Placebo response at 6 weeks was associated with significant regional metabolic changes (scan 3 versus baseline metabolism: beta-2=3.97, df=1972, p<0.0001). Both increases and decreases in glucose metabolism that involved both neocortical and limbic-paralimbic regions were identified (Figure 1, top). Areas of significant increases in metabolism were seen in the prefrontal cortex (Brodmann’s area 9/46), premotor cortex (Brodmann’s area 6), inferior parietal cortex (Brodmann’s area 40), posterior insula, and posterior cingulate (Brodmann’s area 23/31). Decreases in metabolism were localized to the subgenual cingulate (Brodmann’s area 25), hypothalamus, thalamus, supplementary sensory area insula, and parahippocampus (Table 2, left).
One-week metabolic changes in placebo responders did not meet the omnibus threshold for significance. Placebo nonresponders were not evaluated because of an inadequate group size (N=3; no 6-week scan for two of the three nonresponders).
Response to active fluoxetine treatment was also associated with significant regional metabolic changes (scan 3 minus baseline metabolism: beta-2=3.44, df=1972, p<0.0006). The pattern of metabolic change closely matched that seen with response to placebo (Table 2, right). Drug responders, however, showed additional changes in metabolism in subcortical and limbic regions (Figure 1, bottom). Specifically, fluoxetine response was associated with unique increases in brainstem metabolism and metabolic decreases in the striatum, hippocampus, and anterior insula. There were no regional changes that were unique to placebo responders at 6 weeks.
While the locations of regional changes showed remarkable concordance across groups, the magnitude of changes with fluoxetine treatment was generally greater and the number of pixels demonstrating significant changes for a given region generally involved a greater volume than that seen with placebo response (Table 2, Figure 2).
Discussion
There are two key findings from this small but unique study of brain changes in glucose metabolism associated with placebo response. First, placebo response was associated with regionally specific changes in brain function. Second, while comparable brain changes were seen with both drug and placebo administration, drug response was not merely the same as the placebo effect, as active fluoxetine treatment was associated with additional and unique changes in the brainstem, striatum, and hippocampus. Despite these differences, clinical response to treatment, independent of whether the substance administered was active fluoxetine or placebo, was associated with a common pattern of reciprocal changes in specific cortical and paralimbic regions.
Response Mechanisms
Mechanisms of antidepressant medication response have generally focused on adaptive neurochemical changes, including long-term aminergic reuptake inhibition and associated presynaptic autoregulatory desensitization, up- and down-regulation of multiple postsynaptic receptor sites, and receptor-mediated second messengers and neurotrophic effects (62–64). Pharmacological studies have emphasized a bottom-up cascade; brainstem, limbic, and subcortical sites are generally viewed as the primary sites of drug action (65, 66), with secondary cortical changes seen as secondary effects of long-term treatment (67–71).

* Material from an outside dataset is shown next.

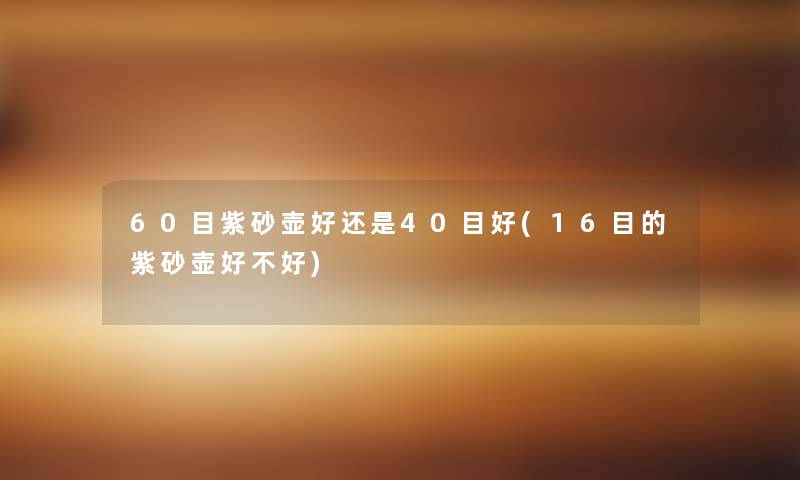 60目紫砂壶好还是40目好(16目的紫砂壶好不好)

Nonpharmacological antidepressant treatments, on the other hand, emphasize the alteration of relevant cognitions, affects, and maladaptive information processing caused by the clinical depression (72–75). Attention to development of new cognitive strategies that enhance awareness of self-defeating thinking styles and behavioral patterns that contribute to feelings of depression is a primary goal (76–80). These approaches can also be conceptualized as affecting changes in specific neural pathways by means of top-down or cortical mechanisms.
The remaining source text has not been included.